The Pro3 shoots video up to 4K. Such high-def video looked great on my 5K monitor, but so did the 1080p full HD stuff I shot. Save yourself some storage space and stick to the 1080p mode. It captures sharp, colorful video that you'll be happy to share on social media sites.
The Pro3 can certainly perform as your everyday imaging device. I would trust it on vacation, too.
It's important to note that LeEco isn't a just a phone company. The company's roots are based in web video and television content. It sells TVs, TV set-top-boxes, bicycles, and other electronics gear. It's main product is video, which is why LeEco installed four (4!!!) video apps on the Pro3. I received a detailed walk-through of each app from a LeEco staffer earlier this month and I'm still wary about the whole thing.
1. LeLive: This app is for live TV that comes from networks. The content availability will vary based on the market.
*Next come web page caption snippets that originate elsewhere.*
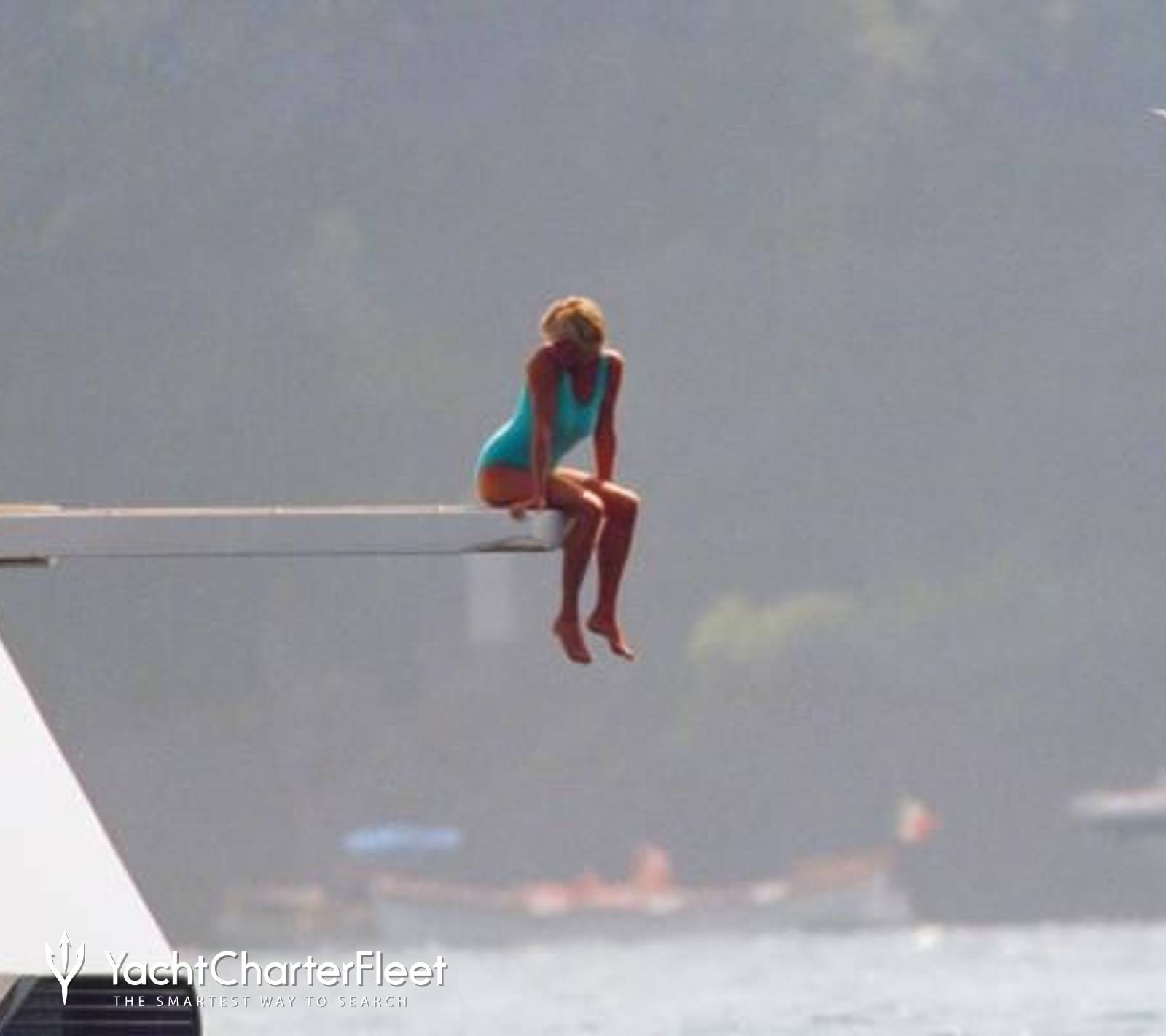 diana on yacht diving board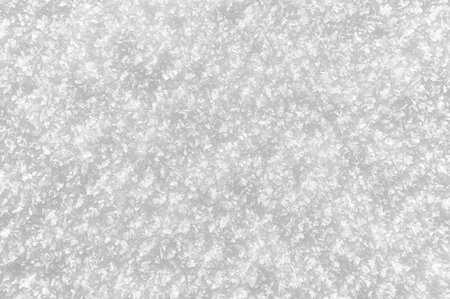 Snowy white background. Close-up snowflakes texture.の写真素材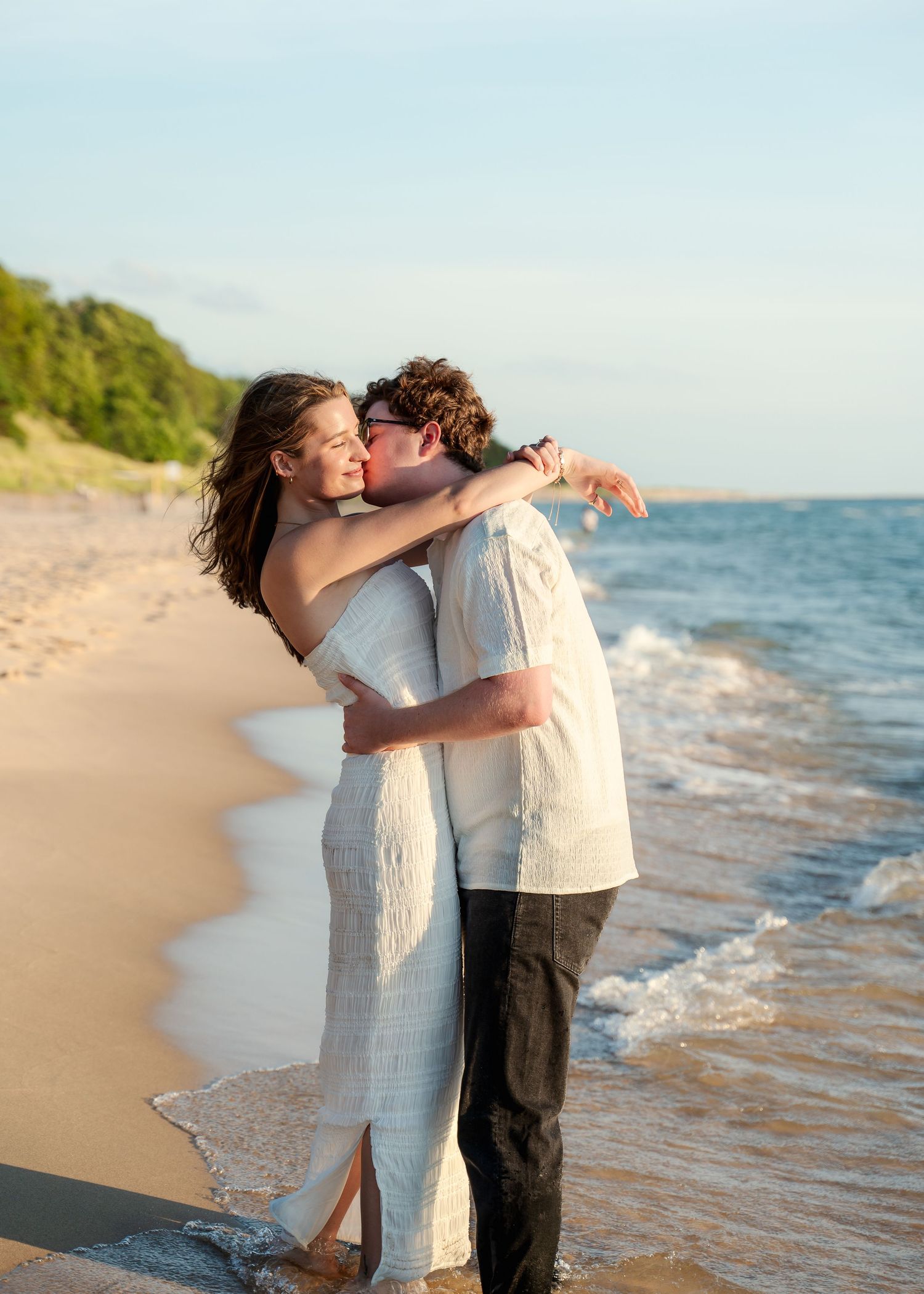Romantic couple in white clothing sharing intimate moment on sandy beach.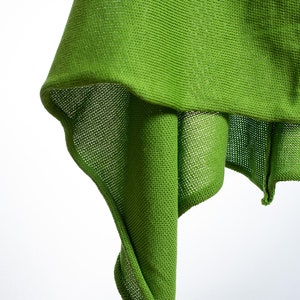 May include: A green knitted fabric draped over a white background. The fabric is textured and has a loose weave.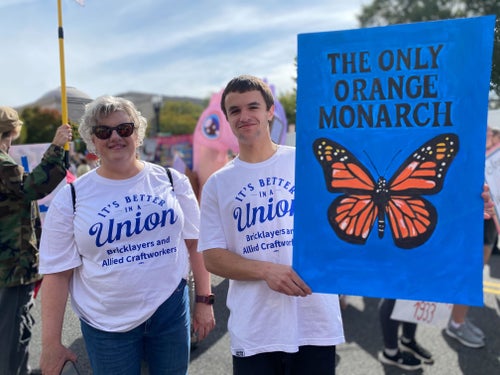 Demonstrators in Washington, D.C., hold a sign that features a monarch butterfly. It reads, "The Only Orange Monarch."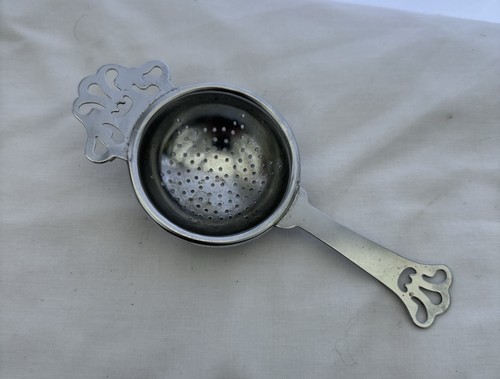 Silver tone tea - tone, strainer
In the U.S., it includes stuff from Travel Channel, HGTV, Food Network, Cosmo, Variety, as well as some movies. You can search for video based on category. This stuff is being streamed "live" pretty much all the time. When you open the app, you're joining programs or movies that are already in progress. An easy-to-use guide shows you what is up next, but also allows you to re-stream shows that were on earlier. Honestly, I thought the selection would be better; it's pretty limited.
2. LeView: This app pulls in unlicensed, free video from around the web with an emphasis on personalized recommendations. LeView is the default left-most home screen panel and is all-but inescapable. It presents video in a vertical strip that you scroll down to find new stuff. Most of the content comes from YouTube. A menu icon at the top allows you to dive into sections such as movies/trailers, music, comedy, education, and other categories. Even then, the app is mostly recommending the newest, latest stuff from YouTube. Honestly, I'd deactivate this and use YouTube instead.
3. Le: This app pulls the same unlicensed content from around the web as LeView, but packages it into a more browsable format. This is the most redundant, ridiculous app I've seen. It takes the interface from the LeLive app but packages up the content from LeView. Rather than push the latest content from YouTube like LeView, it simply makes browsing through various categories more pleasurable. It also manages your viewing history, and highlights content from some of its own providers, which is mostly stuff I've never heard of. This app does let you go through the back catalog of some TV shows, which is cool.
4. Last, LeVidi: This app offers mostly for for-pay, streamed content from providers like Hulu and others, but some free stuff from YouTube is tossed in as well. The UI resembles that of LeView.
Confused yet? I am. Seriously, this is way, way too much.
Worse, some of the content is free, but some of it requires a LeEco pass (monthly subscription). The pass comes for free for the first three months you own the phone, but costs $10 per month thereafter. Netflix — hugely popular in the U.S. — is not included. I was able to test all the video apps on the phone and can honestly say you're probably better off relying on YouTube and your existing subscriptions to Hulu, Netflix, or other video provider. In this case, different isn't better.